Selon l'hebdomadaire allemand Der Spiegel, Haider « se voit comme un tribun du peuple, une voix pour ceux qui ne peuvent parler, les insatisfaits, les déchus de la sociétés ». Dans une interview accordé au Die Zeit, Haider déclarait hardiment : « nous sommes les nouveaux social-démocrates de l'Autriche... nous marchons dans les traces du SPÖ actuel. Nos électeurs comprennent une majorité de travailleurs et de femmes ».

Vu sous cet angle, un certain élément de protestation sociale peut être perçu dans la montée de Haider. Mais de dernier n'offre à cette protestation sociale aucun espoir, aucune direction. Il canalise les craintes stupides pour attiser la xénophobie, le nationalisme et les appels à la loi et l'ordre. Haider exploite ces peurs pour défendre les mêmes rapports sociaux qui en sont la cause même car, lorsqu'on regarde de plus près, toute sa démagogie sociale sert à masquer un programme néolibéral sans nuance.

Le programme gouvernemental sur lequel se sont entendus Haider et le nouveau chancelier Wolfgang Schuessel ne diffère en effet aucunement de ceux des autres gouvernements européens. Les points essentiels en sont l'atteinte d'un budget équilibré d'ici l'an 2005, la privatisation des industries nationales, la réduction du nombre de travailleurs dans le secteur public et l'augmentation de l'âge de retraite. La démagogie nationaliste de Haider sert dans le fond à promouvoir une politique qui ouvre l'Autriche au Capital international.

Même si les cercles dirigeants de l'Europe ne privilégient pas les méthodes employées par Haider, ils ne pourront se passer de lui à long terme. Plus les vieux mécanismes qui garantissaient l'équilibre social échouent clairement, plus la classe dirigeante doit trouver de toute urgence de nouvelles formes pour asseoir sa domination. Ne pouvant plus ignorer l'indignation à propos des conditions sociales, elle s'efforce de la canaliser vers la réaction.

C'est ce qui explique le caractère hésitant des protestations gouvernementales européennes : un mélange de gestes symboliques et d'impuissance. Le préambule du nouveau programme gouvernemental autrichien en fait également foi. Rédigé par le président fédéral Thomas Klestil qui a obligé Haider et Schuessel à le signer avant même que le nouveau gouvernement ne soit nommé, le programme évoque la nécessité de préserver la liberté politique, la primauté du droit, la tolérance et une véritable démocratie, en plus de condamner la xénophobie, l'antisémitisme et le racisme. Mais hormis cet énoncé de beaux principes, le programme n'oblige en rien le nouveau gouvernement. Ce ne sont que des mots sur du papier, et tout le monde sait pertinemment bien que Haider est prêt à signer des douzaines de documents de ce genre pour faciliter sa montée dans le gouvernement.

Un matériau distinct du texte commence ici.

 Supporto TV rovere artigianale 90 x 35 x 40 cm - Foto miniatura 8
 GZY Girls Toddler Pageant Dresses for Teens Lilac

Quelques déclarations favorables ici et là à Haider ont déjà commencé à se faire entendre en Europe. C'est ainsi que l'Union sociale-chrétienne allemande (CSU) et son président Edmund Stoiber au pouvoir dans la Bavière voisine, ont endossé l'idée d'une coalition entre l'ÖVP et le FPÖ dès le début. Pour sa part, la CDU allemande affirme que Haider doit être intégré dans l'exercice démocratie plutôt que d'être mis à l'écart. Enfin, fait à signaler, le président de la Commission de l'Union européenne, Romano Prodi, s'est abstenu de toute critique à l'égard de la nouvelle coalition en Autriche.

Sur une longue période, l'ascension politique d'un personnage tel Haider ne s'explique que par la désorientation politique de vastes couches sociales. Les longues décennies de domination stalinienne et social-démocrate sur le mouvement ouvrier international ont fait disparaître chez ce dernier les espoirs d'une alternative socialiste au système social actuel. Haider exploite cette désorientation et fait la promotion de sa démagogie droitiste. La lutte contre la menace fasciste qu'il incarne clairement va de pair avec la réorientation socialiste du mouvement ouvrier.